Shoes that provide litte to no heel support
Here are some examples of shoes that provide little to no heel cushioning and support and are not suitable for you if you are looking for shoes that are provide medium to high levels of heel support:
- Shoes that are made for track and field runners: Such shoes are flexible and lightweight and are designed to provide medial arch support but when it comes to heels, they have little to no cushioning.
- Flat shoes – shoes that have no cushioned heels, they usually have no support anywhere, not in the arch, not in the toes, nowhere. Do not buy such shoes even if you do not suffer from a certain condition. You may actually develop conditions such as plantar fasciitis if you wear flat shoes. It is not recommended to run or even walk too much with flat shoes.
- Old, worn out shoes – even the best pair of shoes gets worn out if you do not change it once in a while. If you are a consistent runner, you should know that a shoe will last between 300 to 500 miles, or three to four months. If you do not feel like calculating how much time your shoes have left, you can instead do this experiment to see if the shoe is ready to go – press the midsole with your fingers. If the area feels weakened and the cushion is completely flattened, this indicates that you will need to buy a new pair. Visible cracks are also an indicator that your favorite kicks are long overdue.
- Barefoot shoes: This type of shoes provide the absolute minimum when it comes to protection your foot from potential hazards on the ground when you are running. The majority of models have no cushion in the heel pad and there is only a thin layer of shoe that separates your skin from the ground. All shoes that fall into the category “barefoot” are known for the “zero drop” from heel to toe (“drop” being the difference between the height of the heel and the height of the toe). To acknowledge the contrast, traditional running shoes have at least 10mm drop and provide for way more heel cushioning.

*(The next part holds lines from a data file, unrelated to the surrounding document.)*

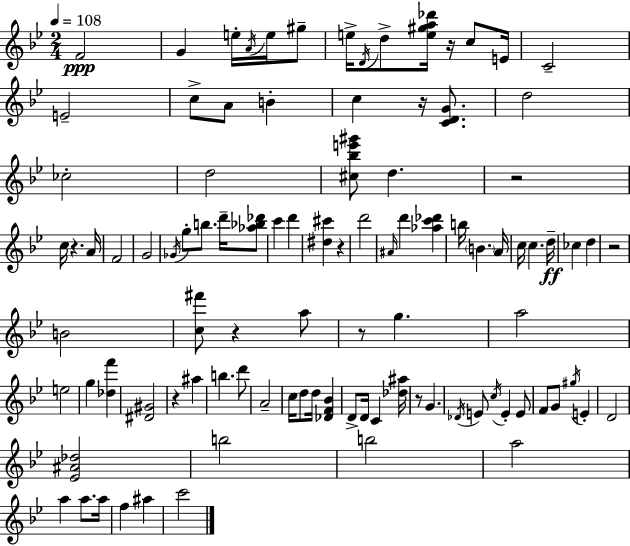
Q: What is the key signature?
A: BES major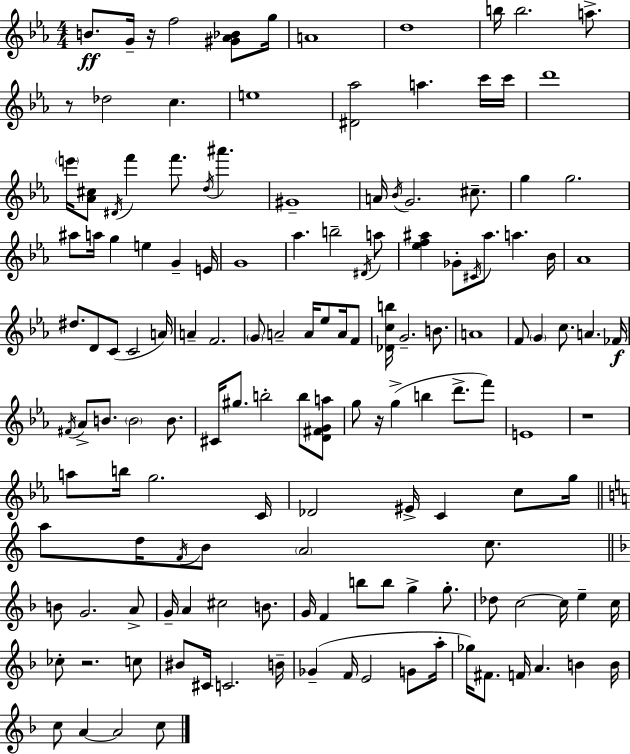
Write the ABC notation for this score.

X:1
T:Untitled
M:4/4
L:1/4
K:Cm
B/2 G/4 z/4 f2 [^G_A_B]/2 g/4 A4 d4 b/4 b2 a/2 z/2 _d2 c e4 [^D_a]2 a c'/4 c'/4 d'4 e'/4 [_A^c]/2 ^D/4 f' f'/2 d/4 ^a' ^G4 A/4 _B/4 G2 ^c/2 g g2 ^a/2 a/4 g e G E/4 G4 _a b2 ^D/4 a/2 [_ef^a] _G/2 ^C/4 ^a/2 a _B/4 _A4 ^d/2 D/2 C/2 C2 A/4 A F2 G/2 A2 A/4 _e/2 A/4 F/2 [_Dcb]/4 G2 B/2 A4 F/2 G c/2 A _F/4 ^F/4 _A/2 B/2 B2 B/2 ^C/4 ^g/2 b2 b/2 [D^FGa]/2 g/2 z/4 g b d'/2 f'/2 E4 z4 a/2 b/4 g2 C/4 _D2 ^E/4 C c/2 g/4 a/2 d/4 F/4 B/2 A2 c/2 B/2 G2 A/2 G/4 A ^c2 B/2 G/4 F b/2 b/2 g g/2 _d/2 c2 c/4 e c/4 _c/2 z2 c/2 ^B/2 ^C/4 C2 B/4 _G F/4 E2 G/2 a/4 _g/4 ^F/2 F/4 A B B/4 c/2 A A2 c/2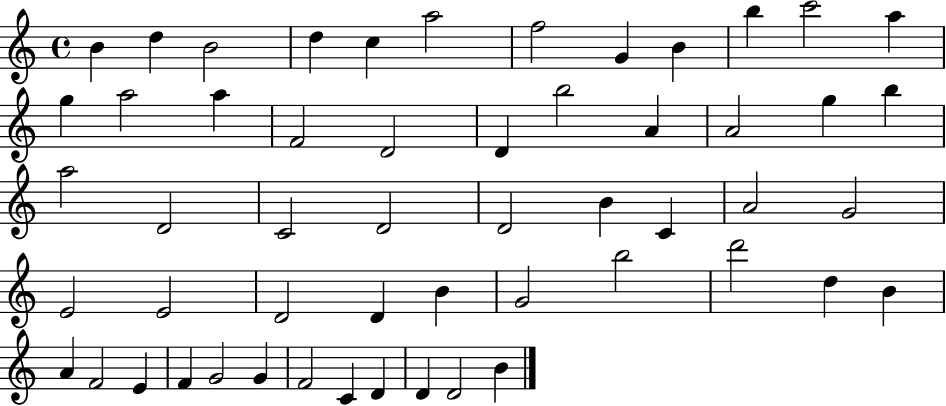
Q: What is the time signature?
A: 4/4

All in all, there are numerous types of shoes out there. Comfort is very important when it comes to both running and simple walking. A good shoe that provides enough support may protect you from getting your feet hurt and is also a good way to speed up your healing process if you have already damaged a muscle or tendon. It is good news that comfortable shoes can be stylish too, so you should not worry that you have you choose between beauty and practicality.